On a clear, dark night in the Northern Hemisphere’s autumn, you can find the Andromeda galaxy without any equipment, a faint smudge of light overhead. It sits about 2.5 million light-years away, which means the light entering your eye tonight left Andromeda around 2.5 million years ago, long before there were any modern humans to look back at it. It is usually called the most distant thing the naked eye can see, and for most people looking for a steady object in the night sky, that is true. The full claim needs a small asterisk.
Start with what is solid, because the basic facts are striking enough without embellishment.
What you are actually seeing
Andromeda, catalogued as M31, is the nearest large spiral galaxy to our own and the brightest external galaxy in the night sky, leaving aside the Magellanic Clouds visible from the Southern Hemisphere. As EarthSky lays out, it shines at about magnitude 3.4, which is well within naked-eye range under a dark sky, though light pollution hides it easily.
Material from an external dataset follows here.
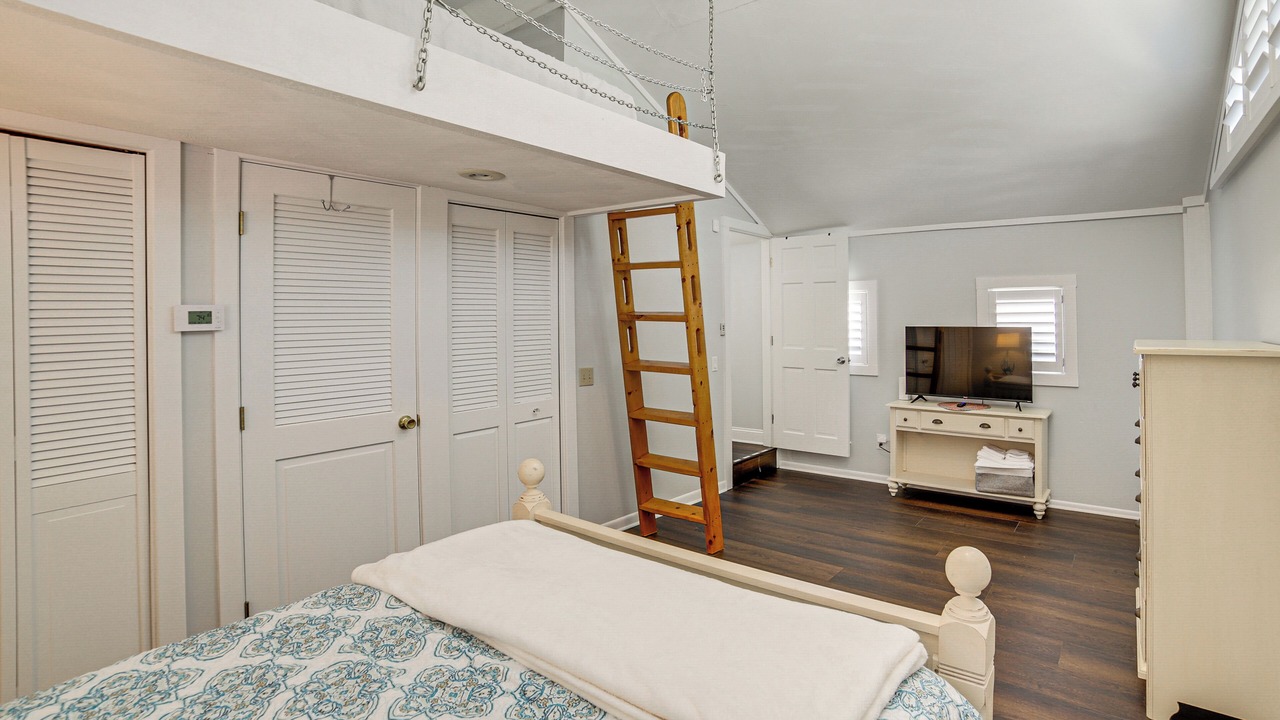 Photo of Bedroom in Clarklake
It does not look like much. To the unaided eye it is a dim, elongated patch, easy to mistake for a faint cloud. That patch is a galaxy of roughly a trillion stars, and the only reason it appears so modest is the distance the light has crossed to reach you. The simplest way to find it is to locate the W of Cassiopeia, which points the way toward it.
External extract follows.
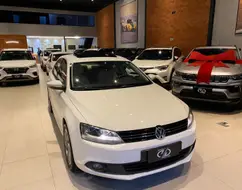 VOLKSWAGEN JETTA 2.0 COMFORTLINE FLEX 4P TIPTRONIC VOLKSWAGEN JETTA 2.0 COMFORTLINE FLEX 4P TIPTRONIC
Light older than our species
The age of that light is the part worth sitting with. Two and a half million years is far longer than our species has existed. Homo sapiens appeared only around 300,000 years ago, so the light now arriving left Andromeda well over two million years before the first modern human.
To place it more precisely, the photons reaching your eye tonight set out around the time early hominins were making stone tools, before the human story had clearly become the story of our own genus. Everything that counts as human history, and most of what counts as human prehistory, happened while that light was still in transit.
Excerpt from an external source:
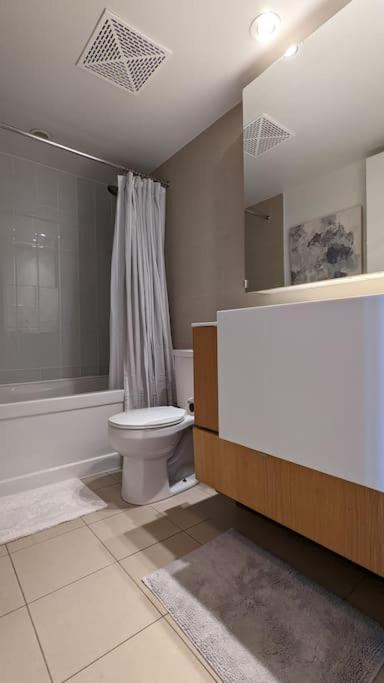 Lovely 2 Bed Condo In Downtown Торонто Екстериор снимка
The “most distant” claim needs an asterisk
Andromeda is the conventional answer to what the naked eye can reach, and it is the farthest object most people will ever see unaided. It is not, strictly, the farthest that can be seen.
The Triangulum galaxy, M33, lies a little farther out, at roughly 2.7 to 2.9 million light-years, and at magnitude 5.7 it is just within reach of keen-eyed observers under exceptionally dark, clear skies. It is harder than Andromeda because it is turned face-on and its light is spread thin. There are even reports of experienced observers glimpsing still more distant galaxies, such as M81 in Ursa Major at around 12 million light-years, under exceptional conditions, though those are edge-of-vision claims rather than ordinary naked-eye sights.
And then there is the genuine record, which is not a galaxy at all. On 19 March 2008, a gamma-ray burst designated GRB 080319B flared brightly enough to be visible to the naked eye for about half a minute, from a distance of roughly 7.5 billion light-years, more than halfway across the observable universe. NASA called it the most distant object ever seen without optical aid. The catch is that it was a transient flash, an exploding star’s afterglow, gone in under a minute, not something you could ever go out and look for.
How to see it, and what it means
For a steady object you can actually plan to see, Andromeda remains the one. From a genuinely dark site in autumn in the Northern Hemisphere, with eyes given twenty minutes to adapt, it is not hard to pick out, and binoculars turn the smudge into an obvious oval. Averted vision, looking slightly to one side of it, helps, because the edges of our retinas are more sensitive to faint light.
What you are doing when you find it is plain enough to state without dressing up. With nothing but your own eyes, you are detecting light that crossed 2.5 million years of space to arrive, from a galaxy that was already ancient when our species was still millions of years from existing. It is the most distant thing most people will ever see, even if, on rare nights and rarer occasions, the eye has reached farther.